The effect of this incident upon her mind had softened with time—in time she had practically forgotten about it. And then came round the end of the third year. The previous year he had given up journalism entirely, his time being fully occupied with legal business at the courts. He took chambers to himself in the Temple. Sometimes Sally came down there on a quiet day and they had tea together.
“We’ll pretend,” she would say, “that you’ve never met me before—and it’s awfully unwise for me to come and see you in chambers—but I come and then perhaps—while I’m making the tea—you suddenly put your arms round my waist, and of course I’m awfully offended. Then you kiss me, and I begin to get fond of you—and then—” So she led him through a child’s game to the outburst of a man’s passion and he, amused with being the child, found in it all the burning zest of being a man.
In the Spring that followed the conclusion of that third year, she had reminded him of his promise to take her once to Apsley. He jumped at it.
“A day in the country ’ll do me all the good in the world!” he exclaimed—“and you too. I’ll write to Dolly at once and see that no one’s down there on Friday. If there isn’t, we’ll go.”

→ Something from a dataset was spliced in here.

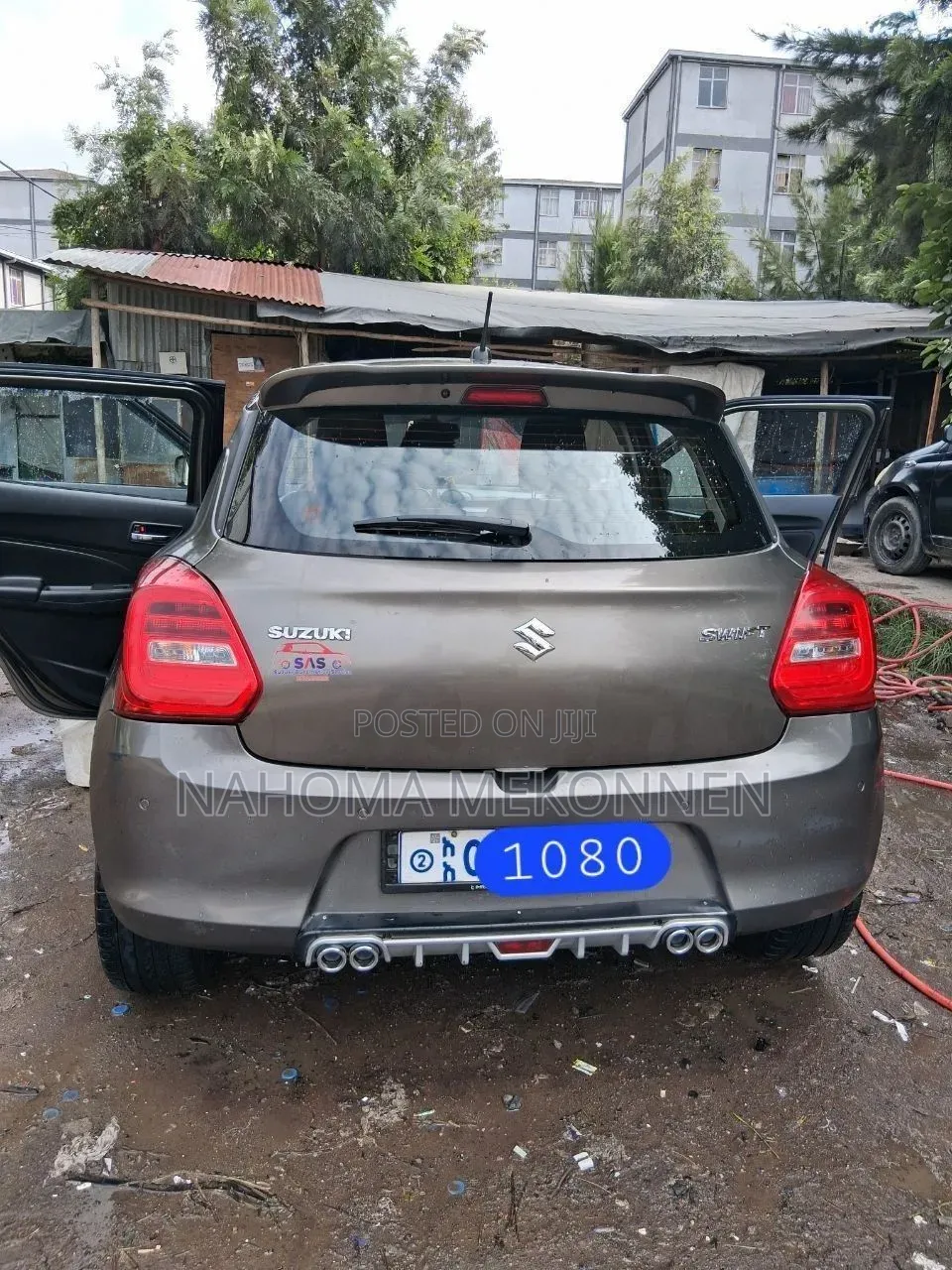 Suzuki Swift 2022 Gray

They made a day of it. In Trafalgar Square at eleven o’clock the next morning, they stepped into a taxi-cab—the same little vehicle that Taylor, from the dining-room window, had seen spinning round the curve of the drive. The hood was put down; the warm sunshine, just touched with a light sting from the regions of cold air through which it had passed, beat upon their faces. To such a day, from the grey fogs and lightless hours of winter, one comes, finding life well worth its while. Sally sat with her hand wrapped in Traill’s, giving vent to a thousand expressions of delight, drawing his sudden attention to the thousand things that pleased her eye—the faint wash of green from the buds upon the hedgerows, the bright clusters of primroses that struck light through the shadows in the wood, forcing life through the thick carpet of dead leaves that the trees had given back to earth.
“Does it worry you—my keeping on pointing out things?” she asked at last.